CIS 6930:
Advanced Machine
Learning
Schedule: T 7th Period, R 7-8th
Periods
Location: CSE E220
Texts:
- Required: Pattern
Recognition and Machine Learning, Christopher
M. Bishop, Publisher: Springer, 2007.
- Recommended: Pattern
Classification,
Richard O. Duda, Peter E. Hart
and David G. Stork, Publisher: Wiley Interscience, second edition, 2000.
- Additional: Statistical
Learning Theory,
Vladimir
N. Vapnik, Publisher: John Wiley and Sons, New York, 1998.
- Other Material:
Notes and papers from the research literature.
Instructor:
Prof. Anand Rangarajan, CSE
E352. Phone: 352 392 1507, Fax: 352 392 1220, email: anand@cise.ufl.edu
Office hours: T
8-9th Periods and R 9th Period or
by
appointment.
Grading:
- Homeworks: 20%.
- Midterm: 40%.
- Project: 40%.
Homeworks, Projects and other Announcements
Notes:
- Prerequisites:
A familiarity with basic concepts in calculus,
linear algebra, and probability theory. A partial list of basic
requirements follows. Calculus: Differentiation, chain rule,
integration. Linear algebra: Matrix multiplication, inverse,
pseudo-inverse. Probability theory: Conditional probability, Bayes
rule, conditional expectations. While Machine Learning (CAP6610) is
obviously a useful precursor to this course, every attempt will be made
to keep this course self-contained. Still, it would be enormously
helpful if you had a good background in supervised and unsupervised
learning, density estimation and the basics of information theory.
- Homeworks/programs
will be assigned on an ad-hoc basis. If you do not
have any prior numerical computing experience, I suggest you use MATLAB
for the programs.
- The midterm wil be scheduled in the second half of
the semester (probably in early November).
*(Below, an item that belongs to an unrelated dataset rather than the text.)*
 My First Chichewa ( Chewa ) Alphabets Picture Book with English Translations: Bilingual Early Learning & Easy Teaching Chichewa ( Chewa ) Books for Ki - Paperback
- The project is due at the end of the semester.
Depending on
the number of students, the project will be
either in teams of two or individual.
- A
set of informal notes which will evolve with the course can
be found here.
Syllabus
- Specialized supervised learning methods such as Ada-Boost.
- Manifold learning.
- Density estimation on non-vectorial data (matrices).
- Fisher information, Fisher kernels and geodesics.
- Sampling methods and Markov Chain Monte Carlo (MCMC).